Categories
Gay Love

White Chocolate

The 18th Century Man has just peeled beets and the little dog is sleeping on the sofa.

This evening he very kindly bought a huge chunk of white chocolate for me at Wholefoods.  In no time at all we seem to have settled into a harmonious domestic routine.  We do not challenge each other unnecessarily nor do we expect anything more from each other than this moment where we exist right now.

He is cooking gnocchi.  His accent is becoming apparently British and he is threatening to shave his beard revealing just how young he looks without it.

It was a beautiful early morning yesterday above the marine layer when I drove to my meeting in Hollywood, saw my breakfast boys then drove back to Malibu so I could take him to work.  Carless because his spunky roommate had borrowed his baby blue Mustang-yes, he has a baby blue Mustang.

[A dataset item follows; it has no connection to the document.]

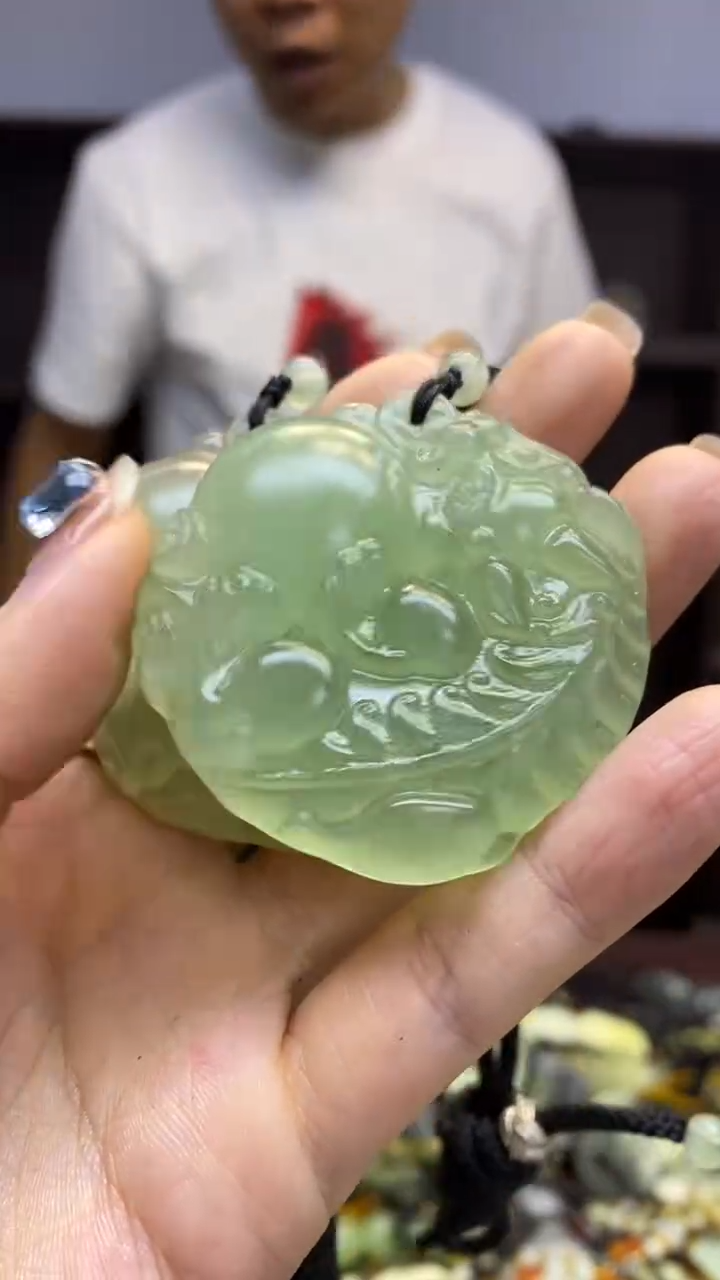 未镶嵌岫玉挂件    多品发一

I have been on the West Side all week.  Seriously thinking about getting a studio in Venice rather than keeping a place in Hollywood.  I will have ‘community’ and be able to get to Malibu and my meetings and go to the gym without travelling 60 miles.

The 18th Century Man and me seem to cause some of you consternation.  What do you expect?  That I settle down into some miserable, suburban co-existence with a man more my own age because it suits your idea of what is ‘best’ for me?  The reality is-I have no expectation, we have no expectations.  We are having fun.  The sex that I should have had for three months with the other I am still not having in abundance because I am not breaking my vow!  We are getting to know each other! Getting to know what it feels like so if and when the moment comes-and it seems to be coming..imminently then it will be the right moment with the right man.

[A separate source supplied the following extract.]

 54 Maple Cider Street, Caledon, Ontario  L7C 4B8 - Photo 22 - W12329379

He is not a boy.  He is a grown up man packaged in a boyish body.  Men just like him are presently going down mines, being blown up in wars or designing bridges like the wunderkind Thomas Telford.

I don’t care if you approve of my choices or me.  I am obviously not the kind of man the average mother is going to approve of or the best-girl-friend.  Women get it so wrong when they imagine what is best for men together.  They really have no clue.   I am never going to get the best-girl-friend to love me as often the best-girl-friend has carved out a place in her heart for him that is never going to include anyone-ever.

So, for my many detractors:

I think that a lot of you forget that whilst you were out there having sex with multiple partners, or even one partner I was not.  I was at home on my own cosseted away from the world of sex looking at the Internet or simply too scared to have sexual relations.  Don’t give me a hard time now I have learned how to do it.

You can be a very punitive bunch. Wouldn’t you wish a condemned man a few days of happiness?

You know what I adore about him?  He gets it.  Night Jasmin, white chocolate, black glazed cotton.  But the best thing about this friendship is that we both understand that any narrative will have a beginning, middle and an end.  Remember, he isn’t on the rebound, he isn’t new from some sweaty closet, and he hasn’t come to me riddled with self-doubt or jaded by relations with many, many men.

I have looked into the eyes of too many men who were simply not there.

Categories
Gay Malibu

Happy Go Lucky

One has a moment in life when the horizon comes into view.  Unable to hold onto old ideas we strive to recreate ourselves as perfectly as we can.  I am in Malibu looking over the sea and I am not driven to look at porn nor throw a warm wank blanket over the day.   My American spell check doesn’t recognize the word wank-but you all know what that means don’t you?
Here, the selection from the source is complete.